─── DATA ───
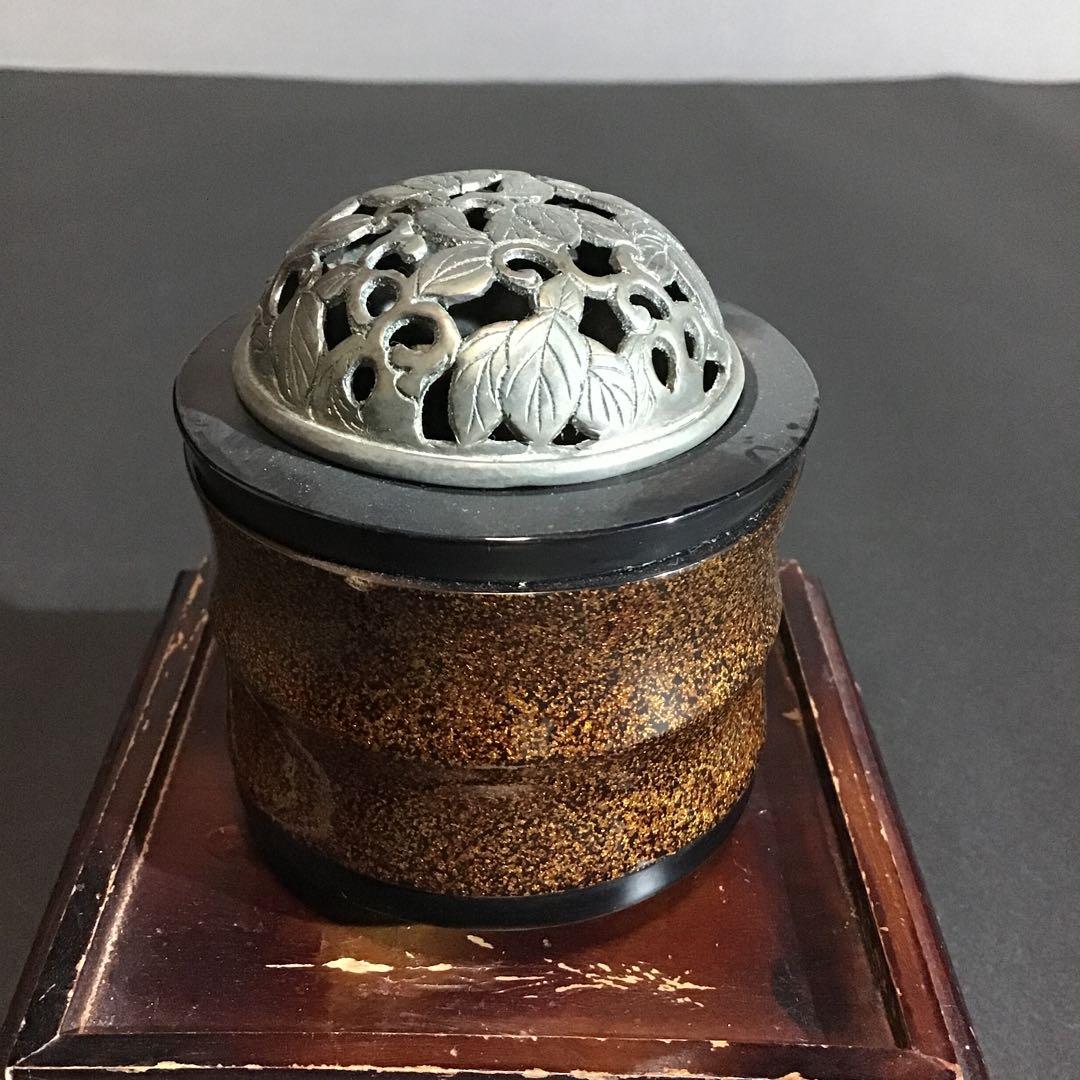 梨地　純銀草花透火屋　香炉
───
─── DATA ───
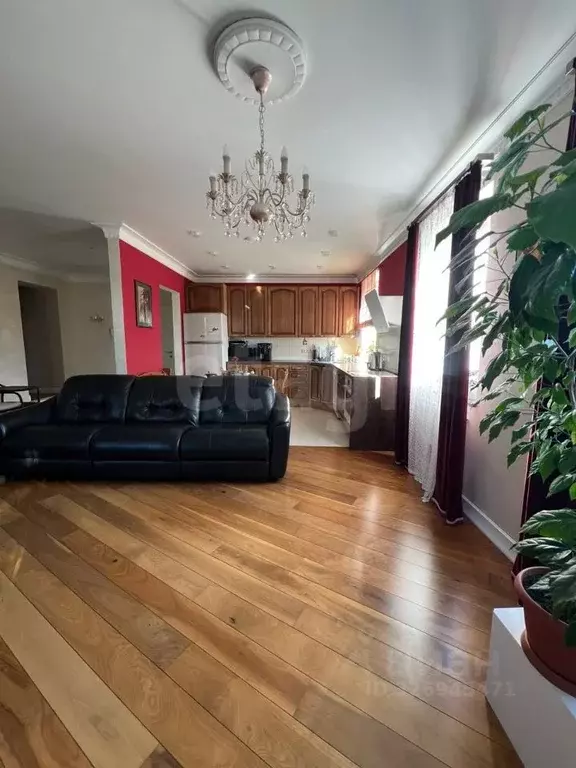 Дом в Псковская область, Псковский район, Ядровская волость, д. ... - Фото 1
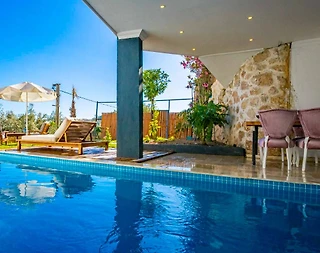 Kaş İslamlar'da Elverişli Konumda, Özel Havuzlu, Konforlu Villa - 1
───
─── DATA ───
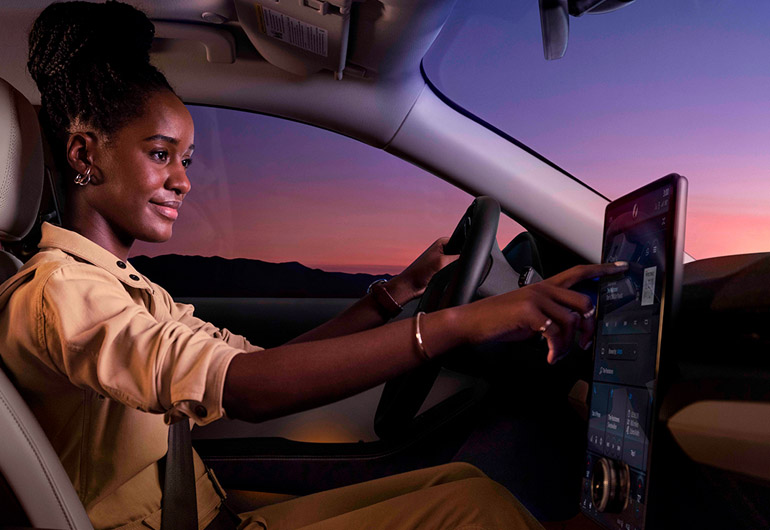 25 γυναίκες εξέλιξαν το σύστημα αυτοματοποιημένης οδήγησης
───
**WORK TO BE COMPLETED**
In the records above, find the line with "Дом в Псковская" and the line with "Kaş İslamlar'da Elverişli", then restate word for word only those two lines and all lines between, omitting pictures.

**OUTPUT OF THE TASK**
 Дом в Псковская область, Псковский район, Ядровская волость, д. ... - Фото 1
 Kaş İslamlar'da Elverişli Konumda, Özel Havuzlu, Konforlu Villa - 1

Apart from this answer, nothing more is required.